Under any circumstances it’s never been much of a hard sell for me to be tempted away to England’s south coast for a weekend and Southsea Festival was certainly no exception. The small town on the outskirts of Portsmouth serves as a great location for the concept of this festival boasting its wealth of antique shops, vintage boutiques, record stores and, most importantly, music venues.

Kicking off festivities in a brilliant fashion were Best Friends (pictured, above) in The Wine Vaults, whose interlocking surf guitar lines and backing vocals served as an irresistibly catchy theme throughout their slacker’s approach to garage-pop songwriting. Welcomingly leaving the vocal hook of recent single ‘Surf Bitch’ engraved into our memories, their performance was energetic, light-hearted and played with house party spirit. Said party was then pooped when FURS lowered the tone. They play with a cold, held back exterior that in context to their predecessors felt like the equivalent of The xx lulling an audience to sleep after a Death From Above 1979 gig.

The riot soon recommenced for Arrows Of Love in Bar Fifty Six; a sweat-box of a venue that provides a perfect environment for the London 5-piece to thrive upon. The performance included the male vocalist wrestling and crowdsurfing on his crowd and his female counterpart confidently rocking out in a bra in frantic At The Drive In-esque display, unanimously leaving jaws well and truly dropped.

The Fat Fox was the place to be in the early evening. Weston-Super-Mare’s Towns, whose singer, James MacLucas, entered the stage by stating “We’re Howler and this song is called ‘Pumping On Your Stereo’.” – clearly mocking the programme who had related their sound to Supergrass and Howler alike. This couldn’t be further from the truth. Towns furiously tore through a set of shoegaze songwriting gems, including previewing some exciting new material from their forthcoming ‘Sleepwalking’ EP set to be released in October. Some songs are baggier, more psychedelic and encourage a Brian Jonestown Massacre-style tambourine rhythm, whilst others aim directly for the jugular, yet there is a consistent motif of screeching, feedbacking noise for the duration of the set that makes it hard to distinguish whether it’s the sound from the amplifiers or the dying cells of your ear drums.

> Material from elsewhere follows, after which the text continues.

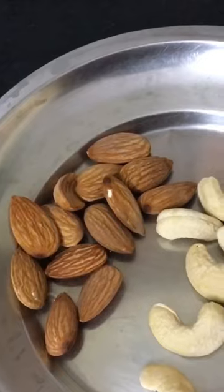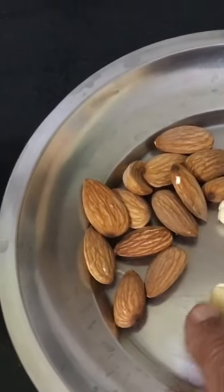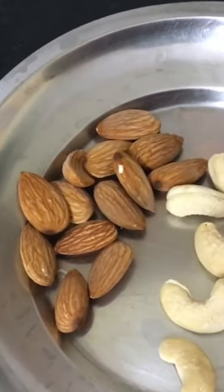I will cut it into 10 pieces. Again, the rice is cut — we will cut the rice and cut it into a bowl.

Fair-Ohs then assisted the audience into slipping on their dancing shoes. The best way to describe this band is that it’s afrobeat-pop played with a punk ethos. Every individual member of the band is ridiculously good at playing his instrument and when it all entwines there is a sense of contagious bounciness that makes it impossible for you to stand still. Fair-Ohs are the epitome of fun and don’t take themselves too seriously, reflected by the singer repeating, “I AM THE LIZARD KING!” between every number.

Well, Bo Ningen. Already critically acclaimed to be one of the best live bands going around at the moment, it was no shock that they ended the festival on a ridiculously good note. Bo Ningen’s performance is better described as an exhibition rather than standard gig. The Japanese psyche/kraut rockers deliver a never-ending onslaught of high intensity rock and roll. Androgynously wearing loosely flowing dresses and waist-length, straight black hair that flies around in accordance to their incredible head-banging and stage tricks, Bo Ningen are a sheer spectacle to observe.

Southsea Festival has a very good thing going for itself. The event is like a scaled-down urban festival in the vein of Camden Crawl and Great Escape, but just for one day and all the venues are within 100 yards of each other, so you don’t spend masses of time traipsing across the length of the town, only to find disappointment in the shape of a Disneyland-sized queue outside the desired venue for that band that everyone’s talking about. Clearly, this is a festival that will go from strength to strength and develop positively in the following years to come.